TASK STATEMENT. No pictures belong in the copy. Retype exactly, and only, the stretch of lines below from the one with "AN OVERVIEW OF" through the one with "Christmas with the".

- Opening Delimiter -

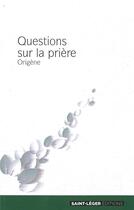 Couverture du livre « Questions sur la prière » de Origene aux éditions Saint-leger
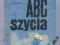 Irena Zysk- ABC SZYCIA- Biblioteczka Przyjaciółki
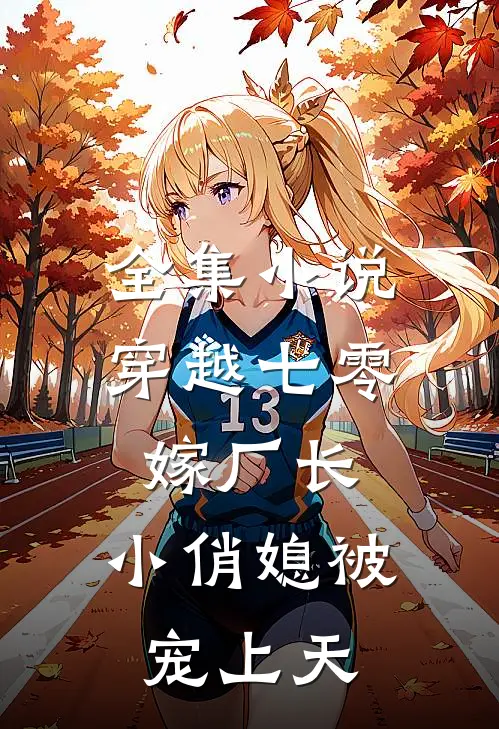 全集小说穿越七零嫁厂长，小俏媳被宠上天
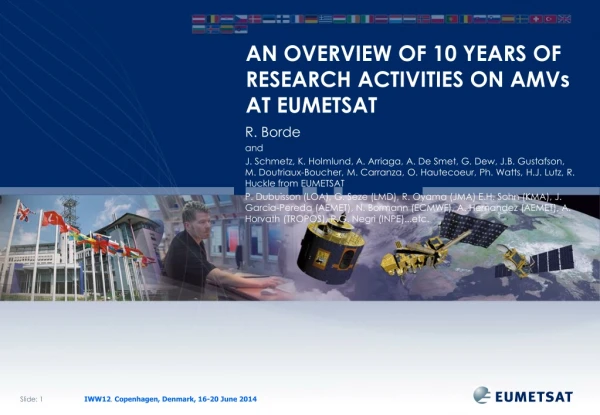 AN OVERVIEW OF 10 YEARS OF RESEARCH ACTIVITIES ON AMVs AT EUMETSAT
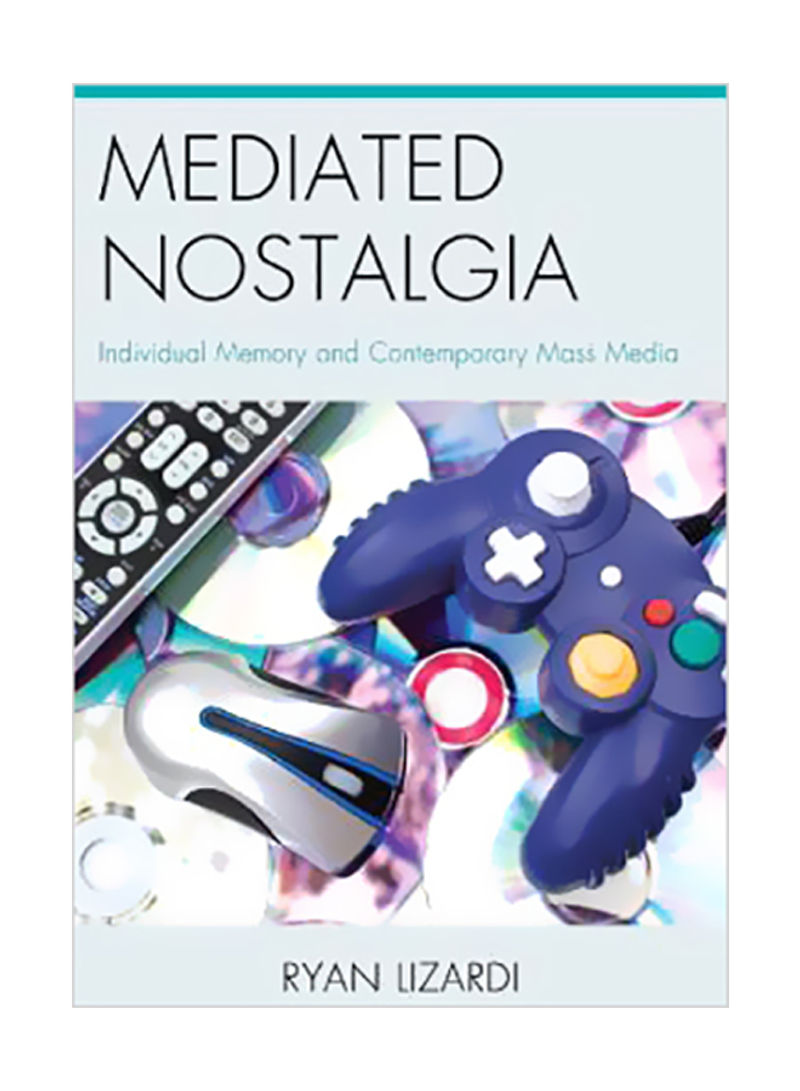 Mediated Nostalgia: Individual Memory And Contemporary Mass Media Hardcover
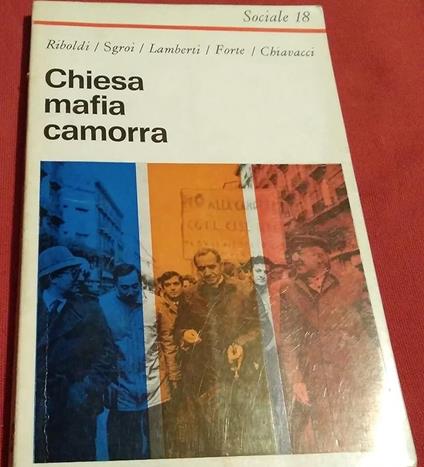 Chiesa, mafia, camorra - copertina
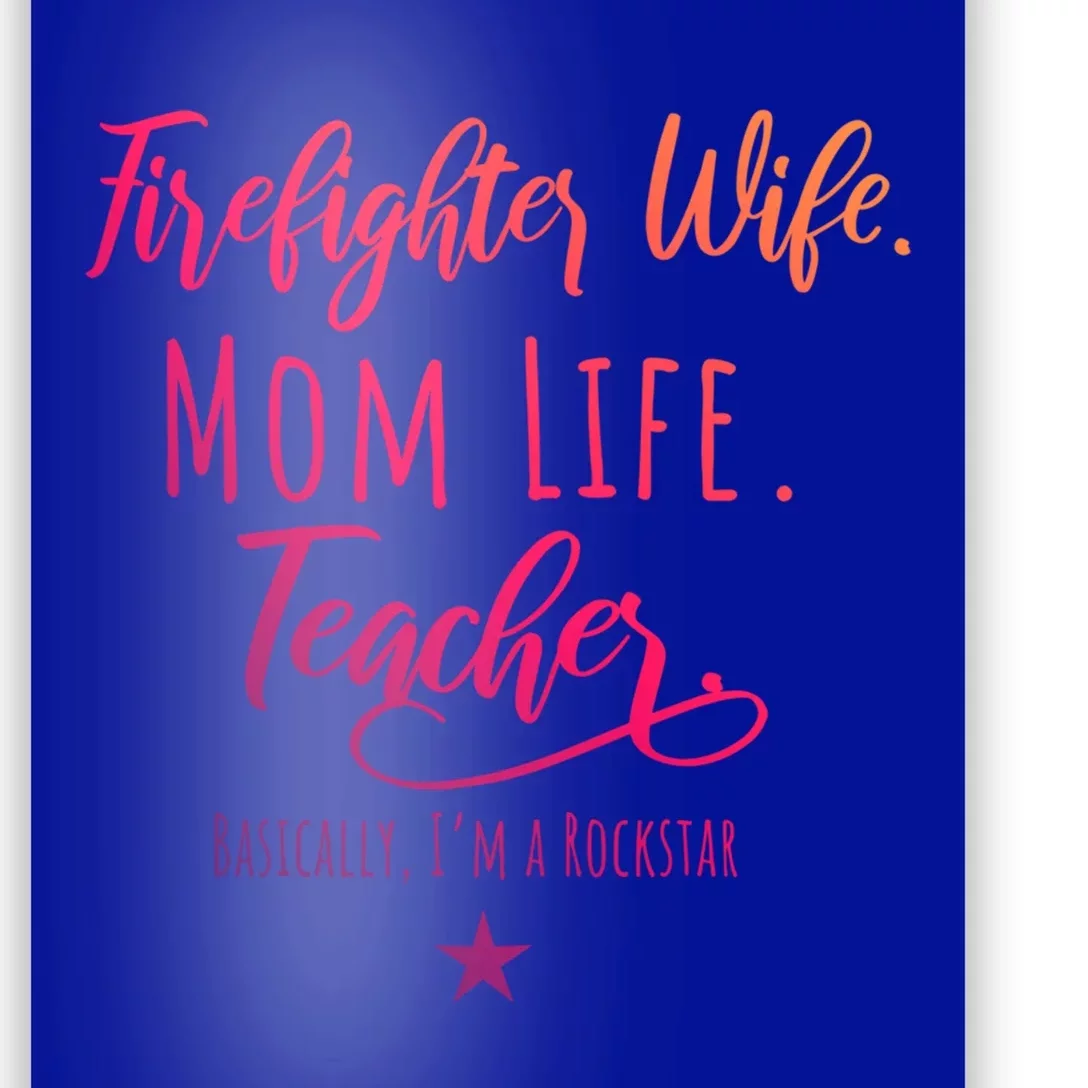 Firefighter Wife Mom Life Teacher Rockstar Mother Gift Great Gift Poster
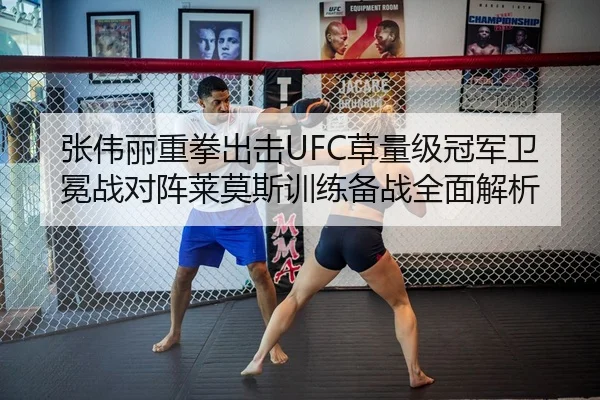 张伟丽重拳出击UFC草量级冠军卫冕战对阵莱莫斯训练备战全面解析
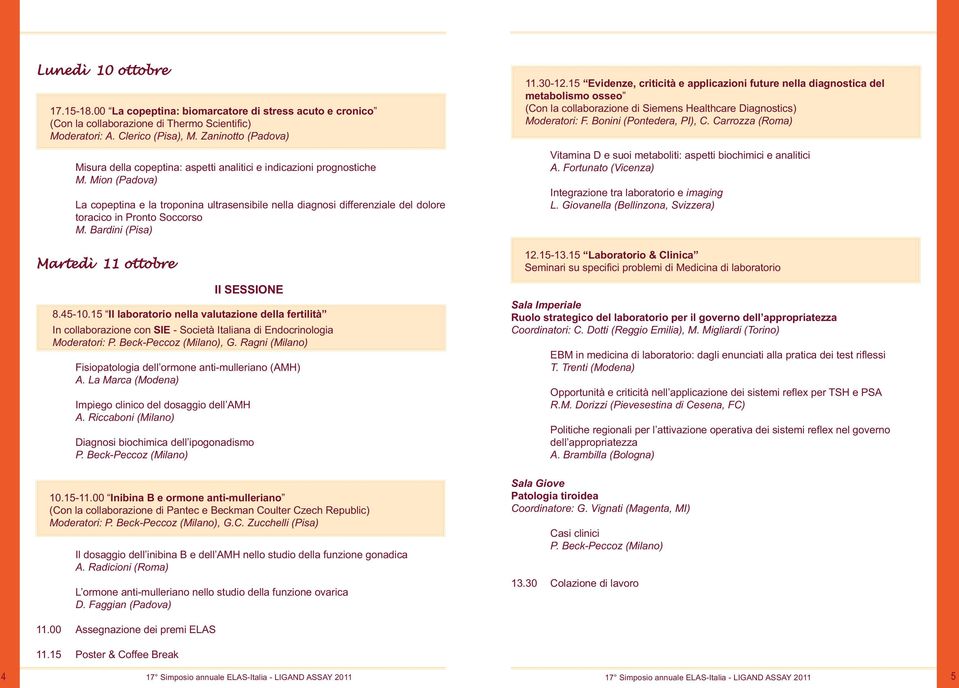 Mion (Padova) La copeptina e la troponina ultrasensibile nella diagnosi differenziale del dolore toracico in Pronto Soccorso M. Bardini (Pisa) Martedì 11 ottobre II SESSIONE 8.45-10.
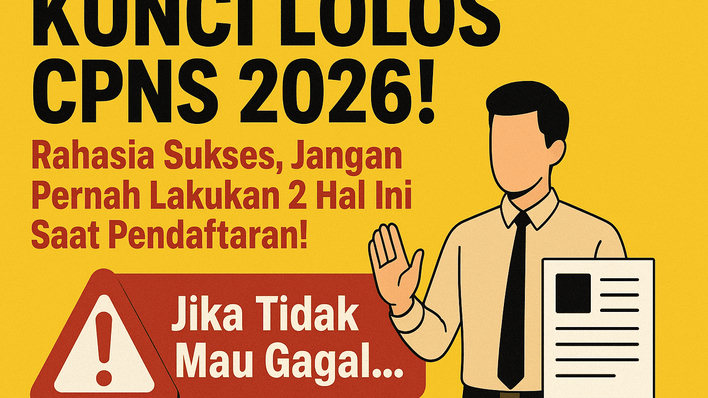 KUNCI LOLOS CPNS 2026! Rahasia Sukses, Jangan Pernah Lakukan 2 Hal Ini Saat Pendaftaran! Jika Tidak Mau Gagal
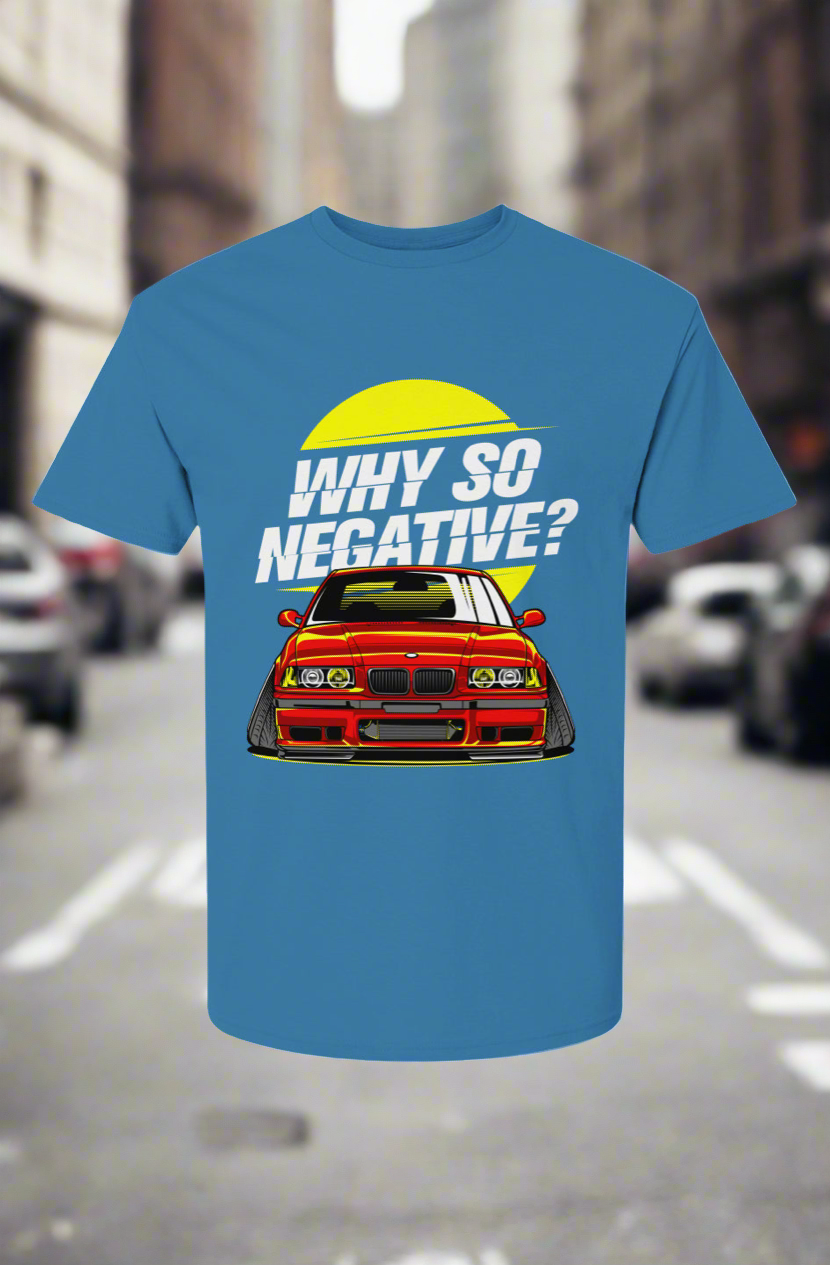 Streetwear SpeedElite Designs - BMW Why So Negative? T-shirtElite Designs - BMW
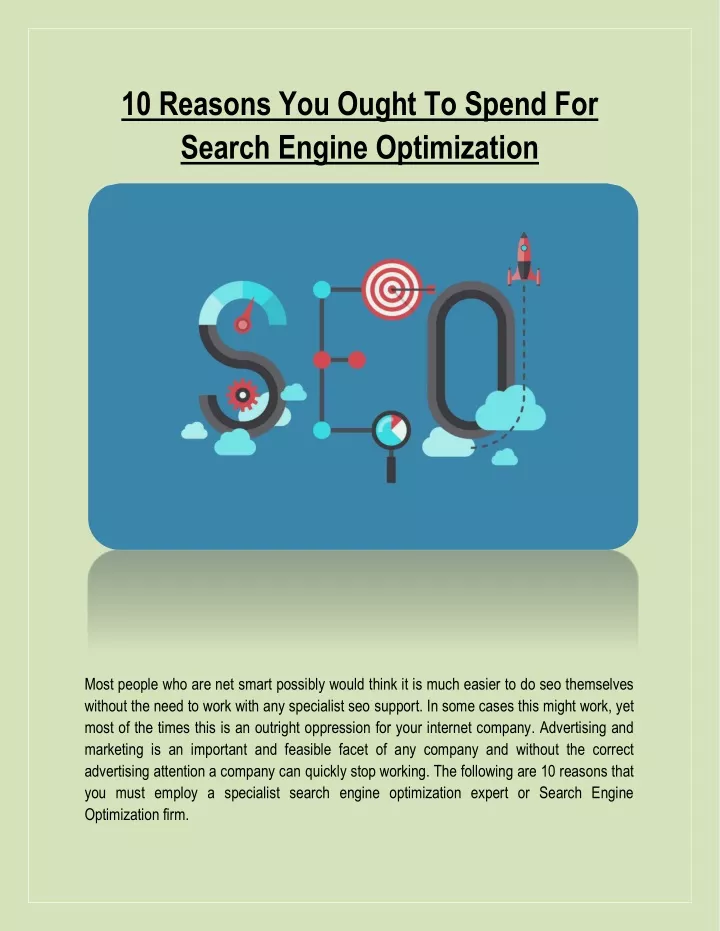 10 reasons you ought to spend for search engine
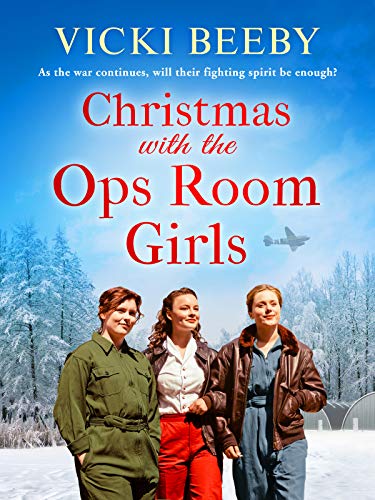 Christmas with the Ops Room Girls: A festive and feel-good WW2 saga (The Women's Auxiliary Air Force) (English Edition)
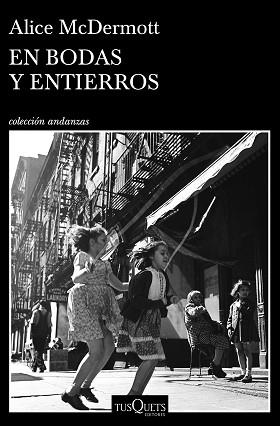 EN BODAS Y ENTIERROS | 9788490667736 | MCDERMOTT,ALICE | Llibreria Geli - Llibreria Online de Girona - Comprar llibres en català i castellà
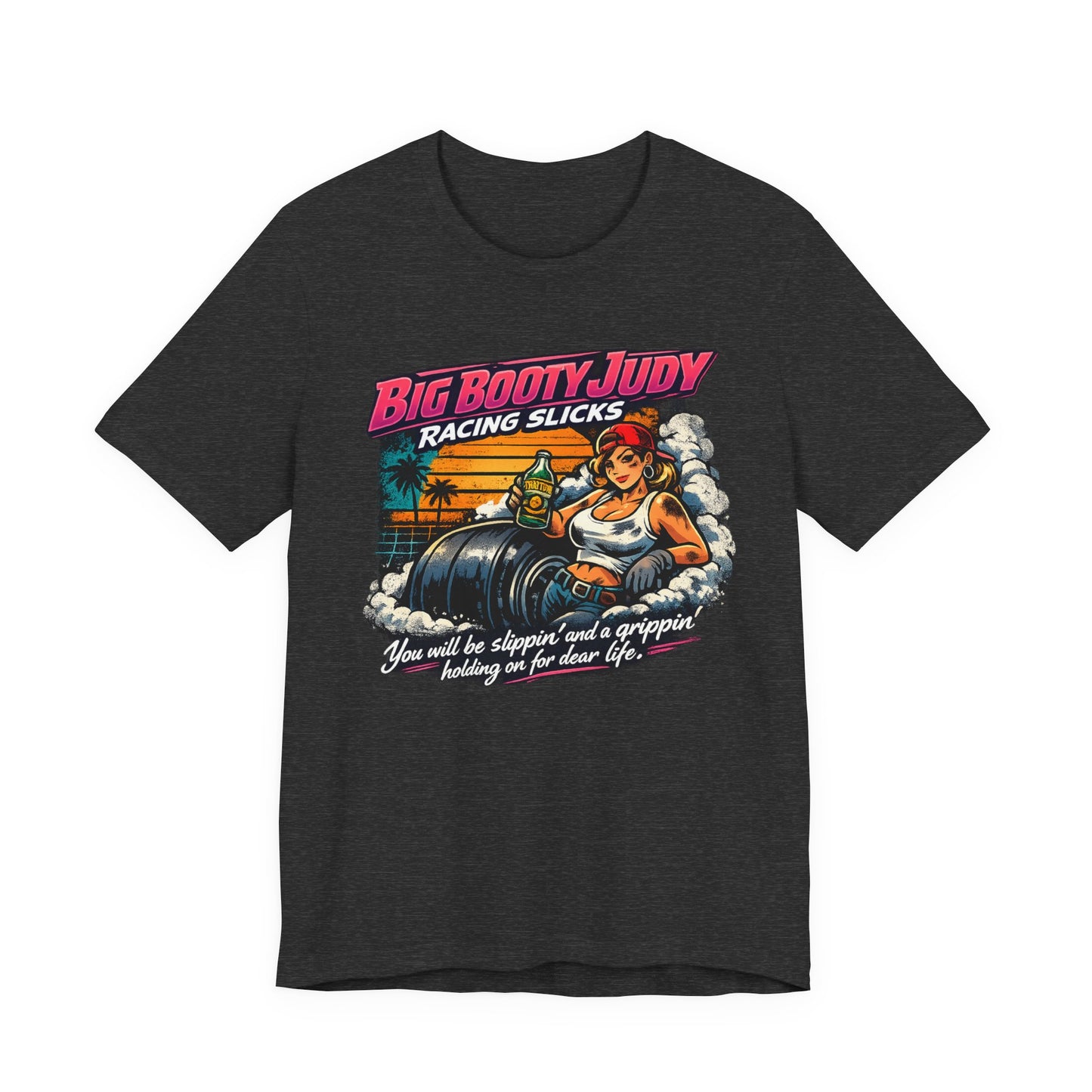 Dark heather gray t-shirt with a colorful graphic design and 'Big Booty Judy Racing Slicks You will be slippin' and a grippin' holding on for dear life' text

- Closing Delimiter -

ANSWER TO THE PROBLEM.
 AN OVERVIEW OF 10 YEARS OF RESEARCH ACTIVITIES ON AMVs AT EUMETSAT
 Mediated Nostalgia: Individual Memory And Contemporary Mass Media Hardcover
 Chiesa, mafia, camorra - copertina
 Firefighter Wife Mom Life Teacher Rockstar Mother Gift Great Gift Poster
 张伟丽重拳出击UFC草量级冠军卫冕战对阵莱莫斯训练备战全面解析
 Mion (Padova) La copeptina e la troponina ultrasensibile nella diagnosi differenziale del dolore toracico in Pronto Soccorso M. Bardini (Pisa) Martedì 11 ottobre II SESSIONE 8.45-10.
 KUNCI LOLOS CPNS 2026! Rahasia Sukses, Jangan Pernah Lakukan 2 Hal Ini Saat Pendaftaran! Jika Tidak Mau Gagal
 Streetwear SpeedElite Designs - BMW Why So Negative? T-shirtElite Designs - BMW
 10 reasons you ought to spend for search engine
 Christmas with the Ops Room Girls: A festive and feel-good WW2 saga (The Women's Auxiliary Air Force) (English Edition)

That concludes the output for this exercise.